I was tuning a car sound system for the last weeks. Two woofers/tweeters in the front, a full range on the back seats. Tuning is done via a DSP in the head unit with 7 BiQuads (EQ) and a delay between the 4 amp channels.

With the EQ one can remove the nasty 100/250 modes you normally have in the cabin and the bass level plus some other small issues.

The rear speakers are delayed by a few mS, so they "disappear" from the front passengers and also bring the image forward for the listeners on the back seats.

Yesterday I drove with the car to the customer and had many hours of time to listen. Was OK for far, but not the timing. Not really bad, but also not spot on. During the drive, I stopped from time to time to do small adjustments in order to improve timing. No success. At the end, I started to make small changes on the delay between the front and the back speakers and suddenly, the whole thing came together. And what was the difference between OK and spot on? 0.2mS :D. That's it. I did an experiment when I arrived and ask people to listen between the two settings (tuning tools allows very easy A/B comparisons). Everybody with some experience in listening spotted the difference and we had 100% correct results. Two people (with almost no experience) heard nothing......even so we tried to explain what it was.

Of course you can measure the 0.2ms on impulse response if you try hard but it would not make ANY difference on the response together with all the reflections coming in already very early.
It's amazing that our brain obviously can very well differentiate in the time domain and cares about very small differences - somebody, who just measures the response or the "general" impulse response" could argue, the 0.2mS cannot be relevant. But they are, as I experienced (again) yesterday.......:p
 
Very interesting.

Even in a noisy environment such a moving car we can spot (very) small timimg differences.

I am more and more convinced of the importance of timing in music reproduction.
And I think that those who don't care about it very much may be missing a lot.
 
100% agree on the driver delays in an automobile. I don't think I could go back to a passive setup. It's either right or its wrong
 
Yes - it is interesting to note the "detectability" of such minute differences in phase.

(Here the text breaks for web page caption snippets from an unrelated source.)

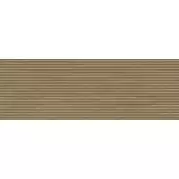 Плитка Argenta Marlen Slat Nut 40x120 настенная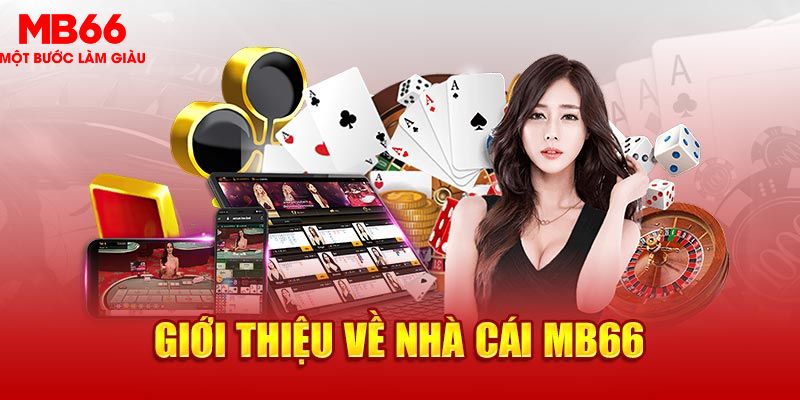 66ff what is the best online casino for real money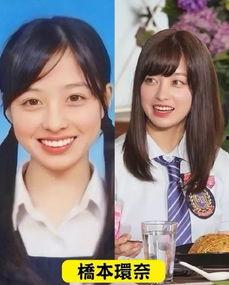 明星网红时代照片大全集,明星网红时代照片大全集掠影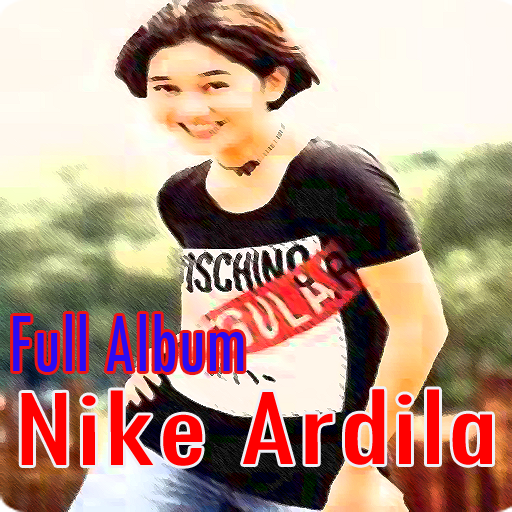 50 Lagu Nike Ardila Full Album Apk 1 0 Download Apk Latest Version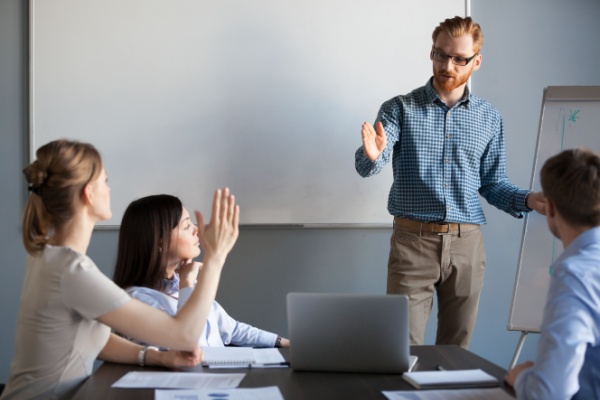 Shutterstock apprentissagetransfrontalier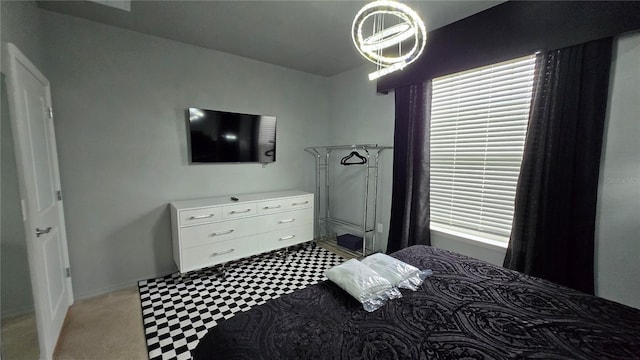 3922 Lana Ave, Davenport, FL 33897 - photo 28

Whether this 0.2ms phase difference can be attributed to "Timing" in the context of PRAT is probably debatable - depending upon how one defines "Timing".

Phase is a crucial component in human auditory perception of depth and left-right positioning (along with level differences between channels).

If we assume sea level then the speed of sound would be ~340 m/sec and the detectability of 0.2ms would imply the ability to perceive depth differences of 340/(1000/2) metres or approximately 0.17 meters - which makes sense in terms of the application inside a car cabin.

Isn't Nature wonderful?
 
yes, ear is sensitive to phase or delay, particularly from multiple sources.
Well, more than the human ear, it's basic superposition, after all a phase of 180deg = cancellation regardless of the frequency, distance or time it equates to.
I terms of timing, most people are ok with sub ms delays. Of course, timing != phase of course.